In an effort to smooth out international relations, Guidelines On Civilised Travel Abroad advises travellers to keep nose-hair neatly trimmed, avoid using fingers to pick their teeth and refrain from peeing in the swimming pool.
China's Vice Premier Wang Yang said in May that the tourism louts had 'damaged the image of the Chinese people'.
Peeing in the pool is not optional, China's new guidebook for tourists warns. (Swimmers head for the water in southwestern China in this 2012 photo)
In the book, which also comes with helpful illustrations, tourists are urged not to occupy public toilets for long periods or leave footprints on the seat.
Life jackets should be left underneath the seat in aircraft, the rulebook states, because ‘if a dangerous situation arises then someone else will not have a life jacket’.
Nose picking in public is frowned upon.
The handbook also dispensed country-specific advice: Chinese visitors to Germany should only snap their fingers to beckon dogs, not humans.
Women in Spain should always wear earrings in public -- or they could be considered effectively naked.
Customers enjoying food at a Chinese restaurant in Dublin, Ireland. Slurping is not encouraged (file photo).
Diners in Japan should not play with their clothes or hair during a meal.
Tourists are reminded that all air-conditioned places in Hong Kong and Macau are no-smoking areas, and mainlanders should not try to get refunds for food.
THE ETIQUETTE MANIFESTO
Don’t...
- Give a handkerchief in Italy as a gift because it is deemed inauspicious
- Ask Britons whether they have eaten.
- Touch people's belongings in Nepal with a foot
- Ask for pork in Islamic countries
- Call Africans 'Negros' or 'black'
- Use the left hand to touch other people in India
- Eat a whole piece of bread in one mouthful or slurp noodles noisily inside an aircraft
Do...
- Use shower curtains in a hotel
- Keep quiet when waiting to board a plane
- Keep mobile phones turned off until the aircraft has come to a complete stop
- Be punctual if taking part in a tour group
- Arrive at a banquet hall 15 minutes early and adhere to a formal dress code
Source: Guidelines on Civilised Travel Abroad, released by China National Tourism Administration
A 33-year-old tourist visiting Hong Kong from central Anhui province complained that the guidelines were too many and too specific.
'You cannot possibly look through all of the rules before you go travelling.

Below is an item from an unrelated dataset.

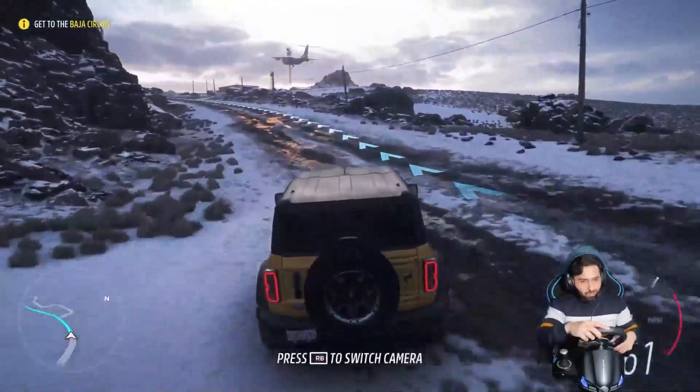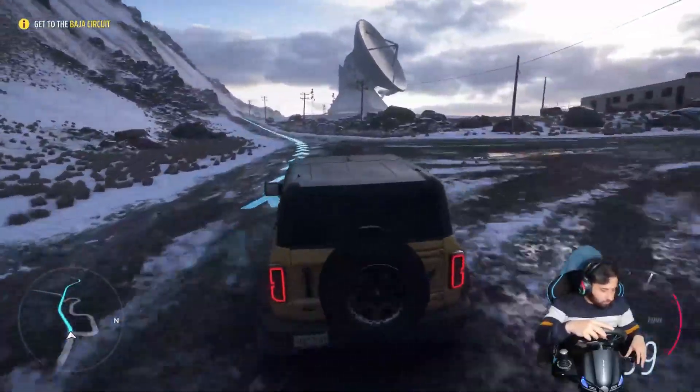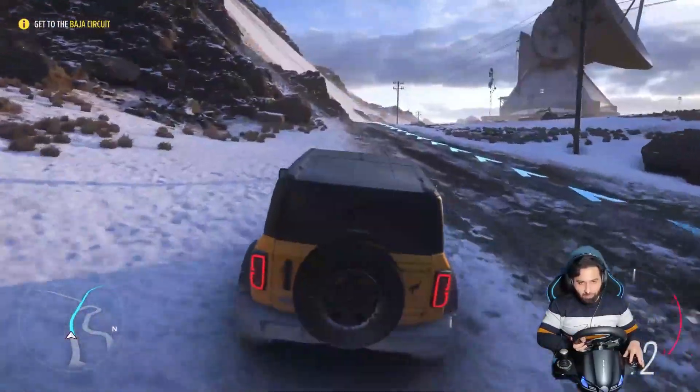Walking is good. Press RB to switch camera — RB is here. You can switch your camera from here.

'Also the rules are different in different places,' he told the South China Morning Post. 'I think it's not very feasible.'
But one tourist from Guizhou said the new rules provided tourists and locals with a better environment.
While several countries have eased visa restrictions to attract affluent Chinese tourists, complaints about etiquette have made international headlines lately.

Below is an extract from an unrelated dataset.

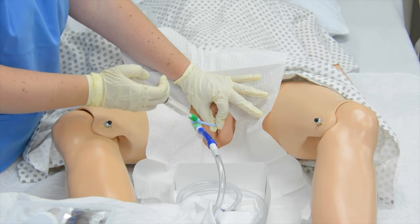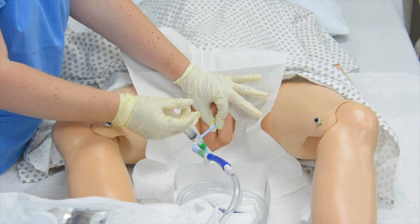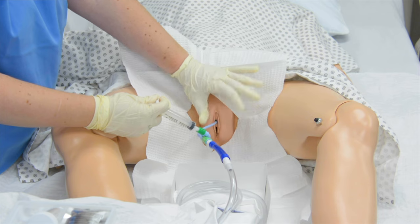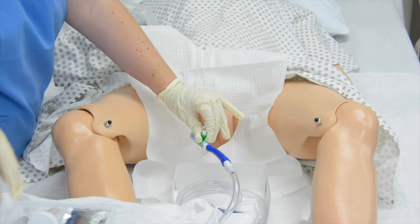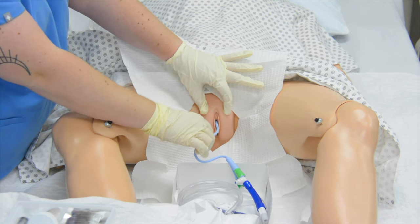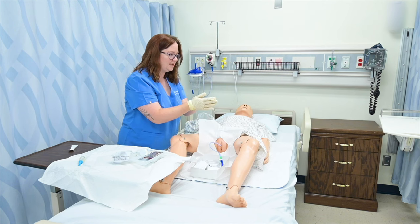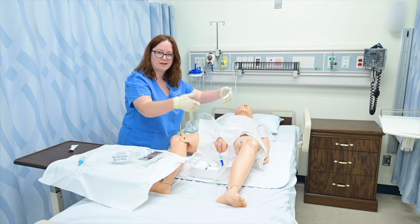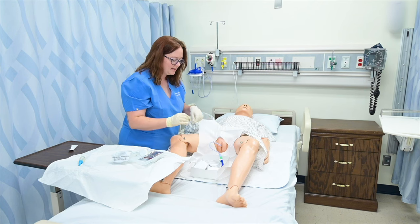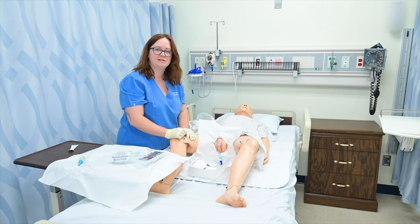I'm going to inflate the balloon — steadily inflating the balloon. I can now let go and disconnect my syringe. Then I want to grab this tubing and pull it down until I feel a slight resistance — just a gentle tug so that the balloon settles into the opening of the bladder into the urethra so that no urine can go around the balloon and leak around the tubing. Once that's done, I can go ahead and secure the bag to the leg and make sure my patient is positioned safely.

Luxury French fashion Zadig & Voltaire sparked a huge controversy last year by claiming its new 40-room boutique hotel, due to open in 2014, will not be open to Chinese tourists.
In February, a mainland Chinese man reportedly relieved himself in a bottle in a crowded Hong Kong restaurant, sparking anger online and prompting some locals to deride mainlanders as 'locusts'.

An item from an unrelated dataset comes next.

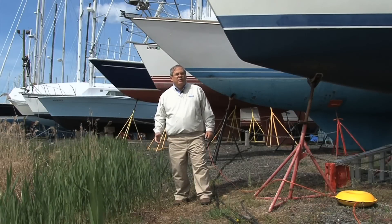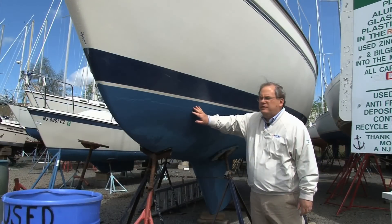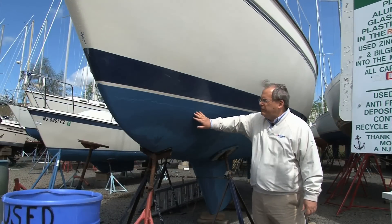I'm Jim Seidel from Interlux. We're here in the boatyard looking around, talking about problems that people have painting the bottoms of their boats. What he's got on here is probably a Micron — Micron CSE, Micron Extra, something like that.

Chinese tourists in North Korea have been accused of insensitive behaviour, such as throwing sweets at children ‘like they’re feeding ducks’.
And in May a 15-year-old from Nanjing sparked an outcry after he carved his name into an ancient relief at a temple in Luxor, Egypt.
China's list of dos and don'ts comes at the launch of ‘Golden Week’, a public holiday that began on October 1
Despite the rulebook, some mainland tourists appear to have retained their own set of standards, however.
Outside Golden Bauhinia Square, one of Hong Kong’s main tour group hotspots, a mother could be seen helping her son urinate into a plastic bag, the Post reported today.